#' @title Rescale design weights for multilevel analysis
#' @name rescale_weights
#'
#' @description Most functions to fit multilevel and mixed effects models only
#' allow the user to specify frequency weights, but not design (i.e., sampling
#' or probability) weights, which should be used when analyzing complex samples
#' (e.g., probability samples). `rescale_weights()` implements two algorithms,
#' one proposed by \cite{Asparouhov (2006)} and \cite{Carle (2009)}, to rescale
#' design weights in survey data to account for the grouping structure of
#' multilevel models, and one based on the design effect proposed by
#' \cite{Kish (1965)}, to rescale weights by the design effect to account for
#' additional sampling error introduced by weighting.
#' @param data A data frame.
#' @param by Variable names (as character vector, or as formula), indicating
#' the grouping structure (strata) of the survey data (level-2-cluster
#' variable). It is also possible to create weights for multiple group
#' variables; in such cases, each created weighting variable will be suffixed
#' by the name of the group variable.
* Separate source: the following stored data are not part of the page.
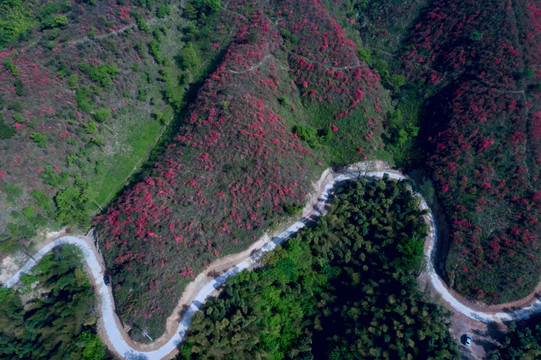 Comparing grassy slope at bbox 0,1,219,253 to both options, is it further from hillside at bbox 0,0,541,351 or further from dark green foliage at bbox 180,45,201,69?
dark green foliage at bbox 180,45,201,69

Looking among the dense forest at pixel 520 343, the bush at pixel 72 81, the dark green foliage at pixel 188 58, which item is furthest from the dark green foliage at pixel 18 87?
the dense forest at pixel 520 343

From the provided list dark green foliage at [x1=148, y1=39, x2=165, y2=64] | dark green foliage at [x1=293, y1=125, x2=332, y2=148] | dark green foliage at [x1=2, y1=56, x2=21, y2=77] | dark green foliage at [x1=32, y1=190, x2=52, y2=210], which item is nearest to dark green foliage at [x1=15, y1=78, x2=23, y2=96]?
dark green foliage at [x1=2, y1=56, x2=21, y2=77]

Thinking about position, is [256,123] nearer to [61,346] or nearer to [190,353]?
[190,353]

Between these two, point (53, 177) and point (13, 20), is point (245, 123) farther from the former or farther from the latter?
point (13, 20)

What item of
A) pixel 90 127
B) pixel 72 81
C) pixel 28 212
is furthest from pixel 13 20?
pixel 28 212

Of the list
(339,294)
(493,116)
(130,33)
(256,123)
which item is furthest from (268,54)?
(339,294)
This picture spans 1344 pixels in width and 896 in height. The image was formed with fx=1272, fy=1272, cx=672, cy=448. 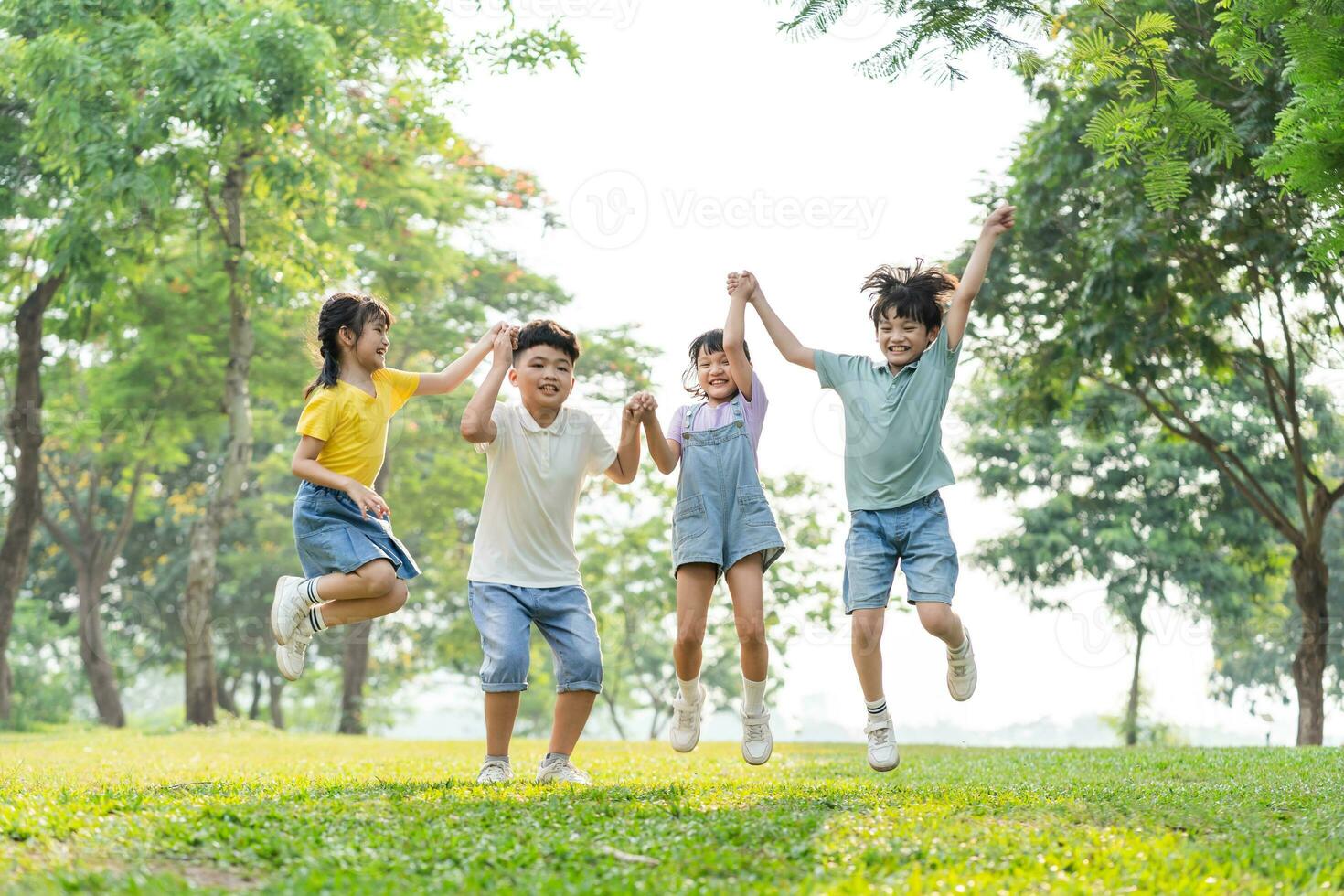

This argument is required for
#' `method = "carle"`, but optional for `method = "kish"`.
#' @param probability_weights Variable indicating the probability (design or
#' sampling) weights of the survey data (level-1-weight), provided as character
#' string or formula.
#' @param nest Logical, if `TRUE` and `by` indicates at least two group
#' variables, then groups are "nested", i.e. groups are now a combination from
#' each group level of the variables in `by`. This argument is not used when
#' `method = "kish"`.
#' @param method String, indicating which rescale-method is used for rescaling
#' weights. Can be either `"carle"` (default) or `"kish"`. See 'Details'. If
#' `method = "carle"`, the `by` argument is required.
#'
#' @return
#' `data`, including the new weighting variable(s). For `method = "carle"`, new
#' columns `rescaled_weights_a` and `rescaled_weights_b` are returned, and for
#' `method = "kish"`, the returned data contains a column `rescaled_weights`.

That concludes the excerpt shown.